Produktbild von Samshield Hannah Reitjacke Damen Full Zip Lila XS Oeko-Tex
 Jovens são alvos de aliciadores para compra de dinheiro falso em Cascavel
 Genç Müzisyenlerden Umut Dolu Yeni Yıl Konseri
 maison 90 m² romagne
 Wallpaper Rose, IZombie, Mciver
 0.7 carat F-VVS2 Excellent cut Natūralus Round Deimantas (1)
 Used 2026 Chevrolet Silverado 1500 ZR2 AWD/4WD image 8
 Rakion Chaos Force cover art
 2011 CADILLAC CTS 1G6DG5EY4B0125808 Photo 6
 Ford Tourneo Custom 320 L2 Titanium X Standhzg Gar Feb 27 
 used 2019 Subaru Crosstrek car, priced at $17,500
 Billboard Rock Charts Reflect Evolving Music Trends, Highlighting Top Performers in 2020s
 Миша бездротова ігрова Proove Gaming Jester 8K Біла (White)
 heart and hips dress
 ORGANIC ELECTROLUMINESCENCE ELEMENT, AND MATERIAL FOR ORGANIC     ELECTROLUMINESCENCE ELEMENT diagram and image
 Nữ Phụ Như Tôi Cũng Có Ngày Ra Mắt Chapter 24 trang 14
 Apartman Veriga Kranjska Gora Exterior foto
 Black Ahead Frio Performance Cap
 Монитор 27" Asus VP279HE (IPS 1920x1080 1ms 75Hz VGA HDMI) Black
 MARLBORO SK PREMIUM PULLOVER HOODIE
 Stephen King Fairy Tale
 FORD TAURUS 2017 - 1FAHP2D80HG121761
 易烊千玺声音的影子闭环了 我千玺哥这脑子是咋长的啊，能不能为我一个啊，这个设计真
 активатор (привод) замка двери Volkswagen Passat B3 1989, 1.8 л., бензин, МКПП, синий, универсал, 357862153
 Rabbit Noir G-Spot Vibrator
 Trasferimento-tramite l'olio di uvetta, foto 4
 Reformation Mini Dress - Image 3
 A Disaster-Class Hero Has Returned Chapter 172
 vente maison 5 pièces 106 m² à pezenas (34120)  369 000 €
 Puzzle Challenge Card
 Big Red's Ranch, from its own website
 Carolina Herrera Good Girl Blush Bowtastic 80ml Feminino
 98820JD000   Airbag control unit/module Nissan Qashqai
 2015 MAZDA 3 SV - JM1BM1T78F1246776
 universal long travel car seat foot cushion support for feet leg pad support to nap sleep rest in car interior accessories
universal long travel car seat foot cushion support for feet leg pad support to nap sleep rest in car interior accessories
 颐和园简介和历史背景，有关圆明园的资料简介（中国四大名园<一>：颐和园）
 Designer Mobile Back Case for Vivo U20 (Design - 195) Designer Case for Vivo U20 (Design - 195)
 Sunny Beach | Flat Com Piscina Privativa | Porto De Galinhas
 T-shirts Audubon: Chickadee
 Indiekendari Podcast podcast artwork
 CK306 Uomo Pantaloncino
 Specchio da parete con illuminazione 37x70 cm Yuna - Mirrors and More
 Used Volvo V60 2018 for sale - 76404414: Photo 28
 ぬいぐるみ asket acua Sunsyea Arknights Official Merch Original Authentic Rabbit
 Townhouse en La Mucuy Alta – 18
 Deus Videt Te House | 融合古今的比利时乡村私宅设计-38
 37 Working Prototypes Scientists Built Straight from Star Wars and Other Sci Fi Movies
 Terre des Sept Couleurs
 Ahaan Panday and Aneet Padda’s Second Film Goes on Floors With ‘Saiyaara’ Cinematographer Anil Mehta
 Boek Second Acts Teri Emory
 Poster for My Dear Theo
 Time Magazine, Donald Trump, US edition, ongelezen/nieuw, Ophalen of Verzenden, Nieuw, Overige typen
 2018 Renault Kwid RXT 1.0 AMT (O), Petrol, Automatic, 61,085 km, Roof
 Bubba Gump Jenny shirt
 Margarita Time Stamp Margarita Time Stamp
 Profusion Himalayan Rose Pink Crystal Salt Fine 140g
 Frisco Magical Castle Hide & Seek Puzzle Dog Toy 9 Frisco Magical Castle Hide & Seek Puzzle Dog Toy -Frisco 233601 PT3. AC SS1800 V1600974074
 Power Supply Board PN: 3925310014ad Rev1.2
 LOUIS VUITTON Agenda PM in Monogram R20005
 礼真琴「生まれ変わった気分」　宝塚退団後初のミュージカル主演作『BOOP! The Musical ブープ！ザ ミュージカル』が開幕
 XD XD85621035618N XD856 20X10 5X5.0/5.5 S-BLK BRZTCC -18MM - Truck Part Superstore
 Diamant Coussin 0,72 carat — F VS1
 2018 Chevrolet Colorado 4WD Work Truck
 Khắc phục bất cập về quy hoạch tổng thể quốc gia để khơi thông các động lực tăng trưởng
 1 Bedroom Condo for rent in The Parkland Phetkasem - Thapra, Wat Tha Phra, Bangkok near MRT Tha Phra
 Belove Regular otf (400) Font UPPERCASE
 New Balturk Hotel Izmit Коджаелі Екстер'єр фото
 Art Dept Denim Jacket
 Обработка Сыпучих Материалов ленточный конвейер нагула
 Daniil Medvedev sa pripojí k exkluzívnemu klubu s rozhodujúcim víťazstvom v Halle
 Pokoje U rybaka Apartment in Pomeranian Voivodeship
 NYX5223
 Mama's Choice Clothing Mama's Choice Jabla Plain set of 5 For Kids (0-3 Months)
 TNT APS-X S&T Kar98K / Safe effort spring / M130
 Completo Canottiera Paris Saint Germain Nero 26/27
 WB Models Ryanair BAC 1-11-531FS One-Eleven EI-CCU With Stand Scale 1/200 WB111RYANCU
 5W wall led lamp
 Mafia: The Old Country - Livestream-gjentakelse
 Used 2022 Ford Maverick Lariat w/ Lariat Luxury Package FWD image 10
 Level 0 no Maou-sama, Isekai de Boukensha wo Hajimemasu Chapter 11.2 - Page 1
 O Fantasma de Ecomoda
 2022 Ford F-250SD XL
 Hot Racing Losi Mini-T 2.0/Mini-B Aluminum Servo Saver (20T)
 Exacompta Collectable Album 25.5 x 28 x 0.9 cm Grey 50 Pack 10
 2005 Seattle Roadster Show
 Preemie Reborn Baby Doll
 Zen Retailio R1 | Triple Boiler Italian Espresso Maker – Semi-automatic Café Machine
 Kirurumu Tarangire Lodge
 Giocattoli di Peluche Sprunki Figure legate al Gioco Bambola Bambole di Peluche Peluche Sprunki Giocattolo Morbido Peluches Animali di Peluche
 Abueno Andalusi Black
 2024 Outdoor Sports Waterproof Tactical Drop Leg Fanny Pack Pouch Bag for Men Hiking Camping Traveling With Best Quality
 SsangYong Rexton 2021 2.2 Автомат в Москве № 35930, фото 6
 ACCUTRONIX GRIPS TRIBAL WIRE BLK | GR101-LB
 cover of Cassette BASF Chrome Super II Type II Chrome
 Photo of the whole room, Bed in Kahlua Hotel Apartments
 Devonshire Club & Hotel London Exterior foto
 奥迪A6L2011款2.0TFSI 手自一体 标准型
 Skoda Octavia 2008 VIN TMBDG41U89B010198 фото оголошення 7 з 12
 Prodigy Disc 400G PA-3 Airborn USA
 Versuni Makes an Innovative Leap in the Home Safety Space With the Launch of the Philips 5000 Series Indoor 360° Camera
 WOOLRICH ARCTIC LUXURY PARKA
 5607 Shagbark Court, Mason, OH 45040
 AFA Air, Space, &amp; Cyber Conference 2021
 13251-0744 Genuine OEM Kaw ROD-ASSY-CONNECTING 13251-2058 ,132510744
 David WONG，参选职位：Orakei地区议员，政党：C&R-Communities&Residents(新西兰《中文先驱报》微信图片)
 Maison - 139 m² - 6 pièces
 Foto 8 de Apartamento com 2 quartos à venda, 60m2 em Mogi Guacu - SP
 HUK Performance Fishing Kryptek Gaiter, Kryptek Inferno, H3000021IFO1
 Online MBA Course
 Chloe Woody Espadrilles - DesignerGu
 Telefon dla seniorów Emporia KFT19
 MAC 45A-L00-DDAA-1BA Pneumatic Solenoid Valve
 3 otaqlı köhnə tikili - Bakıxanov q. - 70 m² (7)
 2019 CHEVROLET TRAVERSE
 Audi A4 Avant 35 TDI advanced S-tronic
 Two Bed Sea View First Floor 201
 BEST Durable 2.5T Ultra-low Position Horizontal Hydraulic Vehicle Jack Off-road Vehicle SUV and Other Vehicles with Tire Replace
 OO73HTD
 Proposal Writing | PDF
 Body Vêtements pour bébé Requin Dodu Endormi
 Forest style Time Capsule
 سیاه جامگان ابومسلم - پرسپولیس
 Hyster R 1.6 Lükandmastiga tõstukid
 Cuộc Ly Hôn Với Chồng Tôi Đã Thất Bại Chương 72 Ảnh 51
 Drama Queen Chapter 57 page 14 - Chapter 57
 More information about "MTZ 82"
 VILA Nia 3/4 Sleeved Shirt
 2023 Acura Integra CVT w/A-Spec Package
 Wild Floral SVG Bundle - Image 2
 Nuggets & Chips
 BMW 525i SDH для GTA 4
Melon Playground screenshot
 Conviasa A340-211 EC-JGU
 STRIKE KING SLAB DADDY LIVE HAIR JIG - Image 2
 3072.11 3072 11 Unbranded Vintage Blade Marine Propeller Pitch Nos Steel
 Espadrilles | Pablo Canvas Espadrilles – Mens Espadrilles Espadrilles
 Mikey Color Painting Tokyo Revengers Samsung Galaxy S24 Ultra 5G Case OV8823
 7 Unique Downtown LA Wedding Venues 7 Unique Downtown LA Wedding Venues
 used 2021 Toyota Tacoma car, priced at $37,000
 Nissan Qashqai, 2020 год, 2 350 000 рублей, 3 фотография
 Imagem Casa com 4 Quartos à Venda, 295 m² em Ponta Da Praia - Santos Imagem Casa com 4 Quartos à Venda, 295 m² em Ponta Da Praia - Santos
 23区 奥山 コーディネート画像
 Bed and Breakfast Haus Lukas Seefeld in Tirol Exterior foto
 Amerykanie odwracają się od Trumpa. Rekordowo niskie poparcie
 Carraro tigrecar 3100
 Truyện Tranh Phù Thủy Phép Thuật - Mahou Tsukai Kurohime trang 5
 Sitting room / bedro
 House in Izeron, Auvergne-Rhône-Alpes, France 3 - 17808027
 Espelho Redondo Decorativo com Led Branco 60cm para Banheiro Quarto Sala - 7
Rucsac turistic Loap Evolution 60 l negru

┄┄┄┄┄┄┄┄┄┄

## WORK TASK
Please give back the records exactly as written, beginning at the first line and including the line that holds "Ford Tourneo Custom" as the last.

## OUTPUT
Produktbild von Samshield Hannah Reitjacke Damen Full Zip Lila XS Oeko-Tex
 Jovens são alvos de aliciadores para compra de dinheiro falso em Cascavel
 Genç Müzisyenlerden Umut Dolu Yeni Yıl Konseri
 maison 90 m² romagne
 Wallpaper Rose, IZombie, Mciver
 0.7 carat F-VVS2 Excellent cut Natūralus Round Deimantas (1)
 Used 2026 Chevrolet Silverado 1500 ZR2 AWD/4WD image 8
 Rakion Chaos Force cover art
 2011 CADILLAC CTS 1G6DG5EY4B0125808 Photo 6
 Ford Tourneo Custom 320 L2 Titanium X Standhzg Gar Feb 27 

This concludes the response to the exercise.